• _Directions for this task_: Provide an exact copy of the lines from the beginning of the records through the line that includes "BMW X1, 2020 все фото", and of no others.

• _Source data_:

^^^^^^^^

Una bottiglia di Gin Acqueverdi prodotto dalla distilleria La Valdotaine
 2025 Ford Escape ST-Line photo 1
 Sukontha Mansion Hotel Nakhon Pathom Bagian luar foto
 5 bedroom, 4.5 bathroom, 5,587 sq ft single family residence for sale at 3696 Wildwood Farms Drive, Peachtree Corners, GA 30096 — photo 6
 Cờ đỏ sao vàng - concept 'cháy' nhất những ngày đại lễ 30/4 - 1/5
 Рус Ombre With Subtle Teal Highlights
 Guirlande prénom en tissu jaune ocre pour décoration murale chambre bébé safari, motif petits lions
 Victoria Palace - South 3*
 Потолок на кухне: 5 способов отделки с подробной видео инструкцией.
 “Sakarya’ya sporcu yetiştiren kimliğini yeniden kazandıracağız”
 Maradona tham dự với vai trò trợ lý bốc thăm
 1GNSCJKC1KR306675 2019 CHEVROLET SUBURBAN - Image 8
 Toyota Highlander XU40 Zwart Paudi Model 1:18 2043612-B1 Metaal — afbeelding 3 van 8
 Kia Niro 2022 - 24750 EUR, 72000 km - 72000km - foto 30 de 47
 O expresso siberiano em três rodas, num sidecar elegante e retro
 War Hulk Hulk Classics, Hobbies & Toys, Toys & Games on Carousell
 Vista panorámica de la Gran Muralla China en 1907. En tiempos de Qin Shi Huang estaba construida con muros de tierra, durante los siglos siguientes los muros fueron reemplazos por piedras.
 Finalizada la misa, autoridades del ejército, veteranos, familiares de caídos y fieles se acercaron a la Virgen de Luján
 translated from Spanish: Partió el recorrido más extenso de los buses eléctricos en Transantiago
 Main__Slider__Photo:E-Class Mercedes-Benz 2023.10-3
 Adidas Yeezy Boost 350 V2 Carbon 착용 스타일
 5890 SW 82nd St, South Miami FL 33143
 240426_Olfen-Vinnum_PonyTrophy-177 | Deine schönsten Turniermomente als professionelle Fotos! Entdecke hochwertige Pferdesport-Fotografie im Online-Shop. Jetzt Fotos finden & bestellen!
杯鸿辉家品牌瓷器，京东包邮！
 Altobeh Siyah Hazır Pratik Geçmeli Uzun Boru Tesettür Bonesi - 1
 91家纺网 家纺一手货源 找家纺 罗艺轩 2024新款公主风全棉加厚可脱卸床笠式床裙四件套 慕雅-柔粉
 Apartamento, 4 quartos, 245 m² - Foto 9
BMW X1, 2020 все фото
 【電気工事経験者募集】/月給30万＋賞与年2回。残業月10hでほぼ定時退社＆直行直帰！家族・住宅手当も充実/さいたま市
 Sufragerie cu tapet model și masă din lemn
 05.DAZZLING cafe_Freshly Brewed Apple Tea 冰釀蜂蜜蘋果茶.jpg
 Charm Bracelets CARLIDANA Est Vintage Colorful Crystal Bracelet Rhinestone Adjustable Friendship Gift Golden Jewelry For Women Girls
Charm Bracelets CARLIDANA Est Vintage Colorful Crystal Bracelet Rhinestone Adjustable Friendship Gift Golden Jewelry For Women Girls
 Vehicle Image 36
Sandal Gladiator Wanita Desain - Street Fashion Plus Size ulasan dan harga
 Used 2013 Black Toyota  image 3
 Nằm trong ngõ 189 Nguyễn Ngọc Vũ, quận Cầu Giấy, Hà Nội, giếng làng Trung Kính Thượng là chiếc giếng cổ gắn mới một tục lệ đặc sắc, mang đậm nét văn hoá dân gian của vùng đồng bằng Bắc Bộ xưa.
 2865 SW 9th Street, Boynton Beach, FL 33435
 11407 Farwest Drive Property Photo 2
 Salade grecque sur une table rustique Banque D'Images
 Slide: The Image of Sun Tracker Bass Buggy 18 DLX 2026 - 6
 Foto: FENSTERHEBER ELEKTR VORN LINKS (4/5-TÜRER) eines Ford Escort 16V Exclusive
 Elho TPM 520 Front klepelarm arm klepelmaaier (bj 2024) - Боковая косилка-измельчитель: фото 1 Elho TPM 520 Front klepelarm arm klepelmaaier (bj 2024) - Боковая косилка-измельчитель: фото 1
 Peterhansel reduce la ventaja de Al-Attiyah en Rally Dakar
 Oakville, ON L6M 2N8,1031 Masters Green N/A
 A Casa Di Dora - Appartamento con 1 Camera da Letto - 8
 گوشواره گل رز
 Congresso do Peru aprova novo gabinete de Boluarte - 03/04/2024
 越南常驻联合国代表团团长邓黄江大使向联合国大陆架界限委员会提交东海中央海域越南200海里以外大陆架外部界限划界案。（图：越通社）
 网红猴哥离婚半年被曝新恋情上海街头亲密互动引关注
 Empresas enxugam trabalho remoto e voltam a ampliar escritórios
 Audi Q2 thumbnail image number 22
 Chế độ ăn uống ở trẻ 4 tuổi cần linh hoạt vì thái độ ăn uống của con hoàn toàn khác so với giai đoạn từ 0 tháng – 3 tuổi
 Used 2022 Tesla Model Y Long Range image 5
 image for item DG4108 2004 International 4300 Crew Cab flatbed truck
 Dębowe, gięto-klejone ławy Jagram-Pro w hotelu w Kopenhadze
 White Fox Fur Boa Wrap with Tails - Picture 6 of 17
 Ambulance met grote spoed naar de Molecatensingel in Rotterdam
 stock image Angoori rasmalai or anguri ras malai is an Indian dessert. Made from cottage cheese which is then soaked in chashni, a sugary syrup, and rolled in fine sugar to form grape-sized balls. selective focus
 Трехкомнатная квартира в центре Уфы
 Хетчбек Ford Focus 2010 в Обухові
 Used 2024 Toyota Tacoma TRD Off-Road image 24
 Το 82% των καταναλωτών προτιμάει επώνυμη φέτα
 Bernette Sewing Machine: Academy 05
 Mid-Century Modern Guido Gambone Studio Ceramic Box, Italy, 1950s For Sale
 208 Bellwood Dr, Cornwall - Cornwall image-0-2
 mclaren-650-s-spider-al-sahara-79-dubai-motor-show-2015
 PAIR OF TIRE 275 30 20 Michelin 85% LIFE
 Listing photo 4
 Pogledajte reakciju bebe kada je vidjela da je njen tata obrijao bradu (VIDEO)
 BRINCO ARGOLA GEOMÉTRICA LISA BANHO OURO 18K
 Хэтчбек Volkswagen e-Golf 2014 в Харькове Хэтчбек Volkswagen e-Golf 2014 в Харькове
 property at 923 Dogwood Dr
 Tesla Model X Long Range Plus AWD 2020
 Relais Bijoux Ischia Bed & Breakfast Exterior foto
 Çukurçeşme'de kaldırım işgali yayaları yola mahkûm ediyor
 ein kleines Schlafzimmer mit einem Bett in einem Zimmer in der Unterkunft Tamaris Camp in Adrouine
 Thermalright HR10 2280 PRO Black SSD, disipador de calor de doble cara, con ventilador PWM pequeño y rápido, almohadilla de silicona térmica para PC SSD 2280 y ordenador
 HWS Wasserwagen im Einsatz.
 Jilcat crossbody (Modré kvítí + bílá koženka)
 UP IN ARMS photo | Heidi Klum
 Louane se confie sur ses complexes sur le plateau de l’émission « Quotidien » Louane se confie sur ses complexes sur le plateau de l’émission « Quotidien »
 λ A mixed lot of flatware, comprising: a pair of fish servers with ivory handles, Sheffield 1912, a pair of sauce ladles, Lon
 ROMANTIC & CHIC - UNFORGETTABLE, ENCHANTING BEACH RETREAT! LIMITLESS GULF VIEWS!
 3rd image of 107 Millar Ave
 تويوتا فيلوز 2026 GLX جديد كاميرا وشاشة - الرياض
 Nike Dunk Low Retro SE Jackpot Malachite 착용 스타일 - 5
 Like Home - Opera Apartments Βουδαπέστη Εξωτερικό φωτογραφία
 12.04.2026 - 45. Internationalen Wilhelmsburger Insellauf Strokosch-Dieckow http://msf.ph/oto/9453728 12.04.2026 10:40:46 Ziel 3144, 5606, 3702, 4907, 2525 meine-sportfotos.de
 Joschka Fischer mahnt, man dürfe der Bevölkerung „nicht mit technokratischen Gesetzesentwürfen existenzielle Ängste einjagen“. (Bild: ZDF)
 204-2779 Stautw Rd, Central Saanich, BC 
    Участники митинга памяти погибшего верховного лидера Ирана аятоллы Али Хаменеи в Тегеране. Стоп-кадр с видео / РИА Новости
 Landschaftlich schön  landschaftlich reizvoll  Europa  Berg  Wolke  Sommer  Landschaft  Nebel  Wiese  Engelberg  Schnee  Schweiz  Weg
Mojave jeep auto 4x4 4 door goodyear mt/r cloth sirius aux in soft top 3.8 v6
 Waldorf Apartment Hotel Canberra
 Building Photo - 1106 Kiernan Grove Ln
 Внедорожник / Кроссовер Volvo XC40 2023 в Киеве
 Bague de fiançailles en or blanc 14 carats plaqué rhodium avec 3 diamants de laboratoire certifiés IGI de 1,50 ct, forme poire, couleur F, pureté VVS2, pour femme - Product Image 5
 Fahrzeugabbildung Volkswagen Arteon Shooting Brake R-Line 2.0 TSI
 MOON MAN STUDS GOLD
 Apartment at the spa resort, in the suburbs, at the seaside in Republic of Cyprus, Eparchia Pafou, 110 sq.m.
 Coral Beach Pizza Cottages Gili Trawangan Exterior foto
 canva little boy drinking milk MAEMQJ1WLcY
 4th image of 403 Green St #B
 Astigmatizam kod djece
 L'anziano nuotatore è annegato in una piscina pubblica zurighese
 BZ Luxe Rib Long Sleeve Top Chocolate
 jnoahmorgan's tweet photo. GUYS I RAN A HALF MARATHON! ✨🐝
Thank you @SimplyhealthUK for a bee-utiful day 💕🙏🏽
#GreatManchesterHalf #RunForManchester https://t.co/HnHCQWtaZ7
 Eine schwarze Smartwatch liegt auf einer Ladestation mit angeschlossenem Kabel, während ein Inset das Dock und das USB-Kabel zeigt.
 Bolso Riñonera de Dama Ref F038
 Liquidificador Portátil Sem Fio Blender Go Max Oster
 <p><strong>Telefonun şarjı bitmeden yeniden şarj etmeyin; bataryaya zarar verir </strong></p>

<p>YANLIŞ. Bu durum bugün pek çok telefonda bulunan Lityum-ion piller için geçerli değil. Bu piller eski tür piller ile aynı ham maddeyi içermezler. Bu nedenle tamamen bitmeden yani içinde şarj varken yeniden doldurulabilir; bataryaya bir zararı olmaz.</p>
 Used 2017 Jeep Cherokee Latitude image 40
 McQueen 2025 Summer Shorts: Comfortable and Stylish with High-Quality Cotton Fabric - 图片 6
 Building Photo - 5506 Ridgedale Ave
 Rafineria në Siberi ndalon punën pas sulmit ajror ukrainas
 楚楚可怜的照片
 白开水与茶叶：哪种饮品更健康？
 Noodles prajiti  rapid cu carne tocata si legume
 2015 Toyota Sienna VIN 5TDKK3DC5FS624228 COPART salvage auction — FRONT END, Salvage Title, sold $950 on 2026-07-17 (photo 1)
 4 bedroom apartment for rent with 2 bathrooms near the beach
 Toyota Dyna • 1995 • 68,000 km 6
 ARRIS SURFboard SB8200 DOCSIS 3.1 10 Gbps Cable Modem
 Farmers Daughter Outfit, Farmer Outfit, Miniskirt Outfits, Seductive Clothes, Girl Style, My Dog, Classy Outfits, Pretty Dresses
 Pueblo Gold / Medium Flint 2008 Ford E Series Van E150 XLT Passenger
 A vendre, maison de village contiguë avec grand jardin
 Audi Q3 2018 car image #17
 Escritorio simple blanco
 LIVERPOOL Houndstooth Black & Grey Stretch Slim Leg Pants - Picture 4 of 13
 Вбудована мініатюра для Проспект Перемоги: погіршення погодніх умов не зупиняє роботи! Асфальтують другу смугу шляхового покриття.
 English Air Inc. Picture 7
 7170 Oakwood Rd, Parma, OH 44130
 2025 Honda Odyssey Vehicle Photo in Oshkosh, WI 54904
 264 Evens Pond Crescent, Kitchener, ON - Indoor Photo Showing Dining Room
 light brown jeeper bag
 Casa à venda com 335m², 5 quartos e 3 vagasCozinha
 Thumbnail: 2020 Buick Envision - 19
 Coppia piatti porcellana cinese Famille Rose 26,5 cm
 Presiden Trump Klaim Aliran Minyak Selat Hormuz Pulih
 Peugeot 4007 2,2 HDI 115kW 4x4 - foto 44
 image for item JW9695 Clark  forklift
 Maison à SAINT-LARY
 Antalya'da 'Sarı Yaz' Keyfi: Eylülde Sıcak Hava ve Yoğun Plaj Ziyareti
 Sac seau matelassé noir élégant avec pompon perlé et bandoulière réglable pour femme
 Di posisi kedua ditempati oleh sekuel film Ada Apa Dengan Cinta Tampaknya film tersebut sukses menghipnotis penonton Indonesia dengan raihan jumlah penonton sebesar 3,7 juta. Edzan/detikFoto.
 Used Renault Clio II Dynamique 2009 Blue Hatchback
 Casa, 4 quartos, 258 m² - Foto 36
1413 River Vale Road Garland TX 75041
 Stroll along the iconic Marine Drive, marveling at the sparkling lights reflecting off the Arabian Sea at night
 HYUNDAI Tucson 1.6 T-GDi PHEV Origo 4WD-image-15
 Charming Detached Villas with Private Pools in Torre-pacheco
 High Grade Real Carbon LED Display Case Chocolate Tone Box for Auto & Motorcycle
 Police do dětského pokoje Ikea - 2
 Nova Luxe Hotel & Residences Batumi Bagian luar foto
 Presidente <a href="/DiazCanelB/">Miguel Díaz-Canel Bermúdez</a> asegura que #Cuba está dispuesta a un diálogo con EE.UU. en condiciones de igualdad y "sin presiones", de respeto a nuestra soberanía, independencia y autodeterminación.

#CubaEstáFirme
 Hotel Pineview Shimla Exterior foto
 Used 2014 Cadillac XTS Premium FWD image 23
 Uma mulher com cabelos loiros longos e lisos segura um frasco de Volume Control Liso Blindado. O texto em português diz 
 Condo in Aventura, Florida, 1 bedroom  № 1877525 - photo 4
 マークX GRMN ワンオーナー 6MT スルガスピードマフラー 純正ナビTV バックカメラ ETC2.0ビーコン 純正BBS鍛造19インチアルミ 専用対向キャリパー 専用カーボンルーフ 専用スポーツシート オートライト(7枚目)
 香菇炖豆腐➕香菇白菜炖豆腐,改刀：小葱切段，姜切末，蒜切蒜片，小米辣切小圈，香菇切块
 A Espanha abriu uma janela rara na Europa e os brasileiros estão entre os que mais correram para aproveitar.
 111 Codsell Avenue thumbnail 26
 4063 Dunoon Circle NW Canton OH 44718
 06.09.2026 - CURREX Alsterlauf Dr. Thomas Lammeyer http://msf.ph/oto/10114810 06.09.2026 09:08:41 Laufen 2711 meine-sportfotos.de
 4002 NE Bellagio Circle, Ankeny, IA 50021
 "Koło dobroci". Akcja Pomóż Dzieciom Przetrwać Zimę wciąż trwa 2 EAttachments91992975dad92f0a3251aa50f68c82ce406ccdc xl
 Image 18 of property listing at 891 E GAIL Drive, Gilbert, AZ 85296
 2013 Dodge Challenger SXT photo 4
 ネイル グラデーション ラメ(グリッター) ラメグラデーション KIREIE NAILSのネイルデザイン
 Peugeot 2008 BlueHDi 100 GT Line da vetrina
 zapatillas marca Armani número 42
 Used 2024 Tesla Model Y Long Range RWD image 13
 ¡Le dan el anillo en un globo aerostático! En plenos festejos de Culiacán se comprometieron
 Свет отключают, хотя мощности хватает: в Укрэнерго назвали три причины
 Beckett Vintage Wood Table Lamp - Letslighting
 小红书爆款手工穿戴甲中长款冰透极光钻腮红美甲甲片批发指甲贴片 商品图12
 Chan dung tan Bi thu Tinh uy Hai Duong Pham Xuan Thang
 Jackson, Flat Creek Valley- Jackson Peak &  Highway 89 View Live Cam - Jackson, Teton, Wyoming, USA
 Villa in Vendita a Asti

^^^^^^^^

• _Problem solution_:
Una bottiglia di Gin Acqueverdi prodotto dalla distilleria La Valdotaine
 2025 Ford Escape ST-Line photo 1
 Sukontha Mansion Hotel Nakhon Pathom Bagian luar foto
 5 bedroom, 4.5 bathroom, 5,587 sq ft single family residence for sale at 3696 Wildwood Farms Drive, Peachtree Corners, GA 30096 — photo 6
 Cờ đỏ sao vàng - concept 'cháy' nhất những ngày đại lễ 30/4 - 1/5
 Рус Ombre With Subtle Teal Highlights
 Guirlande prénom en tissu jaune ocre pour décoration murale chambre bébé safari, motif petits lions
 Victoria Palace - South 3*
 Потолок на кухне: 5 способов отделки с подробной видео инструкцией.
 “Sakarya’ya sporcu yetiştiren kimliğini yeniden kazandıracağız”
 Maradona tham dự với vai trò trợ lý bốc thăm
 1GNSCJKC1KR306675 2019 CHEVROLET SUBURBAN - Image 8
 Toyota Highlander XU40 Zwart Paudi Model 1:18 2043612-B1 Metaal — afbeelding 3 van 8
 Kia Niro 2022 - 24750 EUR, 72000 km - 72000km - foto 30 de 47
 O expresso siberiano em três rodas, num sidecar elegante e retro
 War Hulk Hulk Classics, Hobbies & Toys, Toys & Games on Carousell
 Vista panorámica de la Gran Muralla China en 1907. En tiempos de Qin Shi Huang estaba construida con muros de tierra, durante los siglos siguientes los muros fueron reemplazos por piedras.
 Finalizada la misa, autoridades del ejército, veteranos, familiares de caídos y fieles se acercaron a la Virgen de Luján
 translated from Spanish: Partió el recorrido más extenso de los buses eléctricos en Transantiago
 Main__Slider__Photo:E-Class Mercedes-Benz 2023.10-3
 Adidas Yeezy Boost 350 V2 Carbon 착용 스타일
 5890 SW 82nd St, South Miami FL 33143
 240426_Olfen-Vinnum_PonyTrophy-177 | Deine schönsten Turniermomente als professionelle Fotos! Entdecke hochwertige Pferdesport-Fotografie im Online-Shop. Jetzt Fotos finden & bestellen!
杯鸿辉家品牌瓷器，京东包邮！
 Altobeh Siyah Hazır Pratik Geçmeli Uzun Boru Tesettür Bonesi - 1
 91家纺网 家纺一手货源 找家纺 罗艺轩 2024新款公主风全棉加厚可脱卸床笠式床裙四件套 慕雅-柔粉
 Apartamento, 4 quartos, 245 m² - Foto 9
BMW X1, 2020 все фото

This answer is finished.